Tuesday, September 11, 2007

Jesus is Not 'Real'

While driving on Interstate 70 outside of Columbus, Ohio I saw a number of Christian billboards lining the highway. One read, “Consider where you want to spend eternity! Repent!” Another read, “Avoid hell, repent. Jesus saves!” Wile I admonish both of these signs for using Christianity as an eternal hedge-bet (read Paschal) they did not disturb me as much as one black and white sign that said simply, “Jesus is Real.”

However, Jesus is not ‘real’.

Do not misunderstand me; this is not a sophomoric attack at the historical foundations of Christianity. Nor is it a rejection of the incarnational presence of Christ.

No, what makes the sloganized and simplified claim of ‘Jesus is Real’ so insipid is that it perpetuates the Enlightenment project that demands Cartesian certainty that begins with doubt and moves to belief only through reason. This leaves a Church that is merely empirical rather than confessional. Here, faith and reason are not only rent from one another but made antipodean – each placed against the other.

The God who gave his name as ‘I AM WHO I AM’ is not adequately – nor could be – properly understood by pure rationalism. All of this is part of the tired trek to fit God into an ontological equation.

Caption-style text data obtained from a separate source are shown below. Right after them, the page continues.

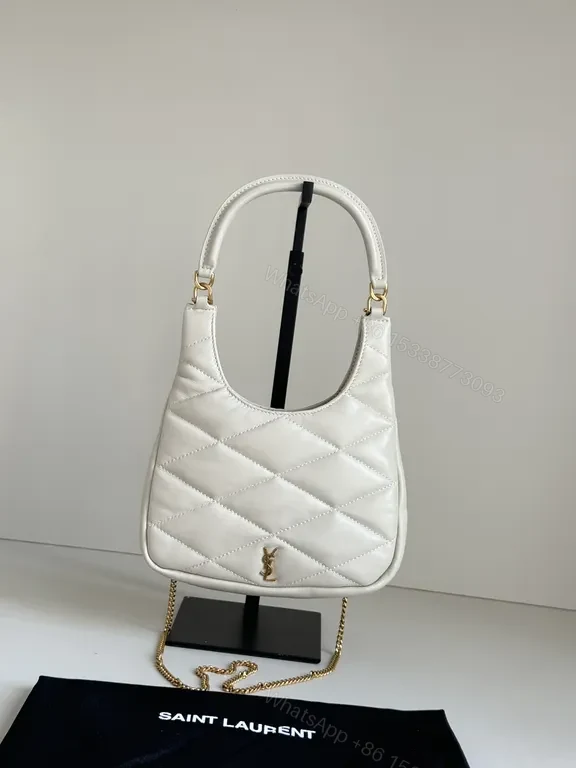 White Quilted Saint Laurent Handbag: Gold-Accent Compact Luxury — view 1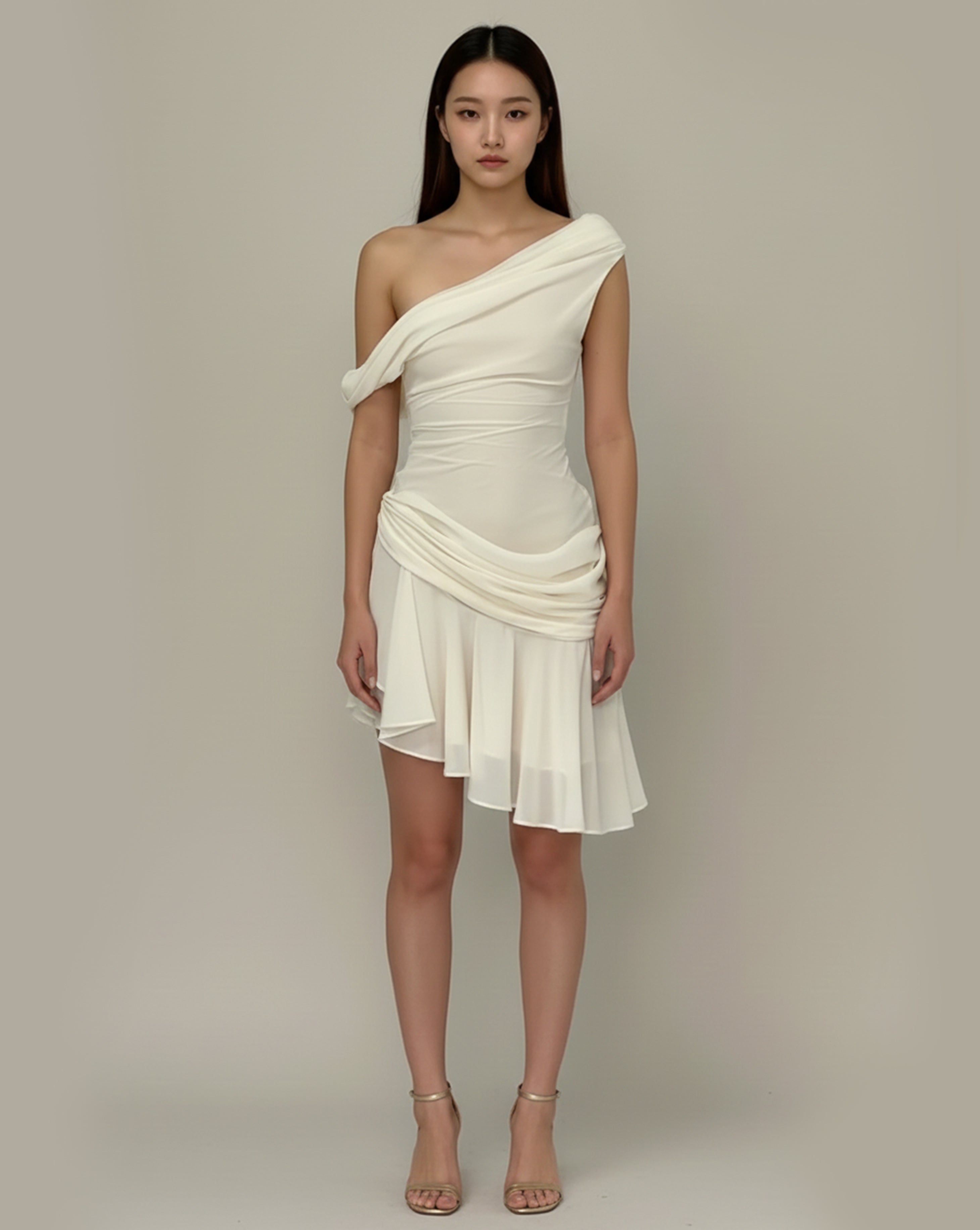 Adelia Elegant Drape Dress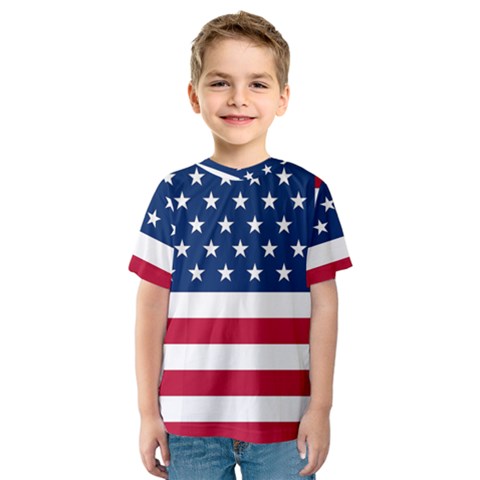 American Flag Kids  Sport Mesh Tee by Valentinaart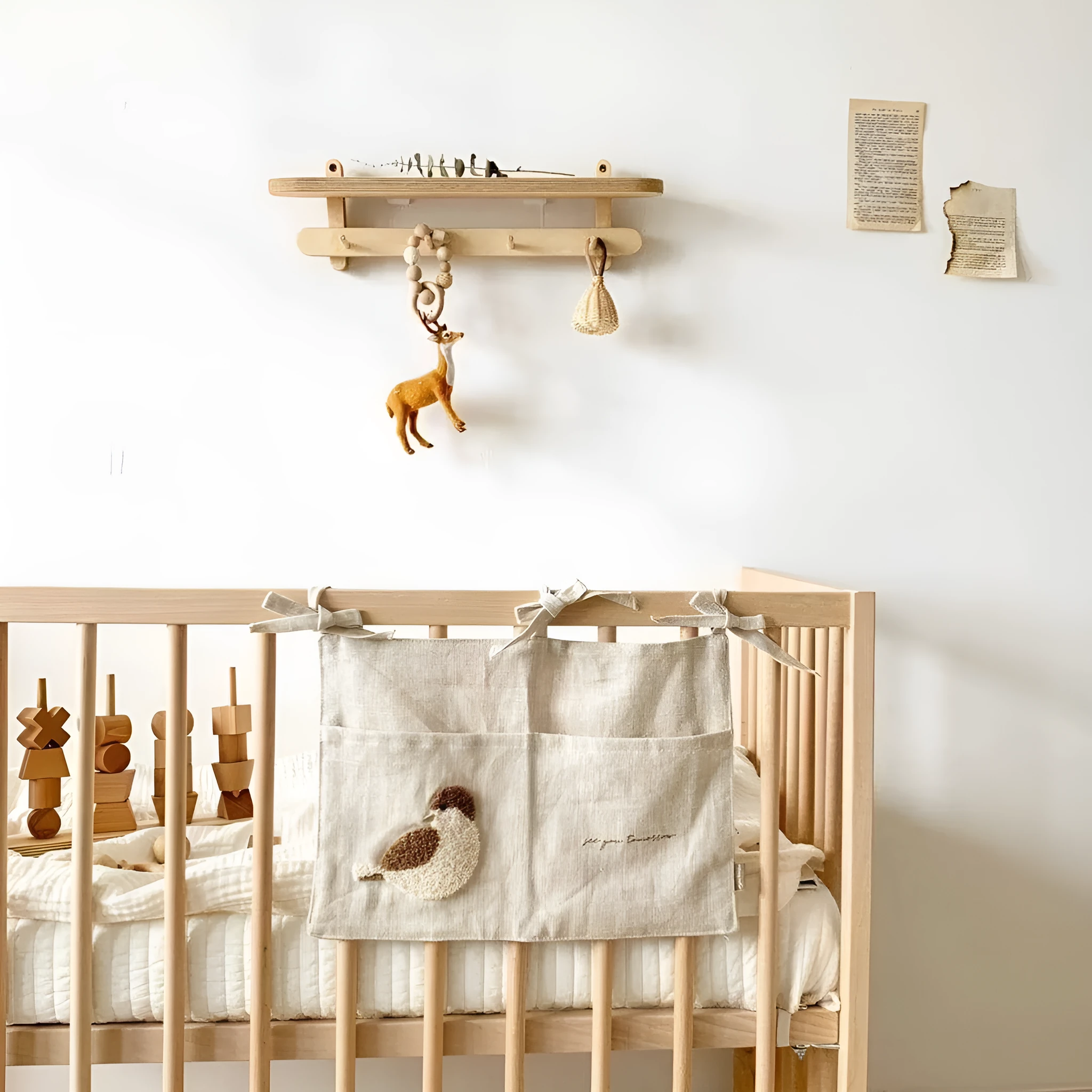 Khaki cotton linen hanging storage bag with one pocket for bedside organisation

However, such rationalistic algebra will always fall short, unless we turn to the phrase from Ecclesiastes that states, “Only God is God.”

There is desire to make Jesus a magnificent historical quest, and at times there is a place for that. Certainly the particular and historical nature of the incarnation is a testament to the worldliness of the Christian message. However, the historical quest should also be held in tension with the spiritual quest. This quest shares the road with reason alongside faith.

Instead of the sign reading, ‘Jesus is Real’ it ought to read, “Christ is Lord.”


-Matt- said...

You said: Instead of the sign reading, ‘Jesus is Real’ it ought to read, “Christ is Lord.”

I say: AMEN brother!

Those billboards annoy me too. If you want to know if Jesus is real, go to a church to receive holy communion. Then again, if it was a SBC church, they don't believe in the 'real presence' of Jesus at communion, but they sure like putting up those billboards!

Anonymous said...

“Sloganized” isn’t a word so don’t try to look it up.
I found “Cartisian” but who is “antipodean”? It seems to me that you must first have a “podean” which sounds to me like some kind of slam against us southern folks. “Those people are so podean.” That makes me glad that there are some high handed Yankee’s that are “antipodean”.
That’s my analysis.

The Catholic Atheist said...


I think "sloganized" came from my reading of Paulo Freire's book, "Pedagogy of the Oppressed." His first language is Portuguese so maybe that was the only way to translate that the foreign word...

Hmmm. You might be onto something with 'antipodean.' The history of the United States has made the North and South antipodes of each other (of course I am joking).

Thanks for reading, nonetheless.

Jimmy Cooper said...

Wittgenstein wrote that, "Not empiricism and yet realism in philosophy that is the hardest thing."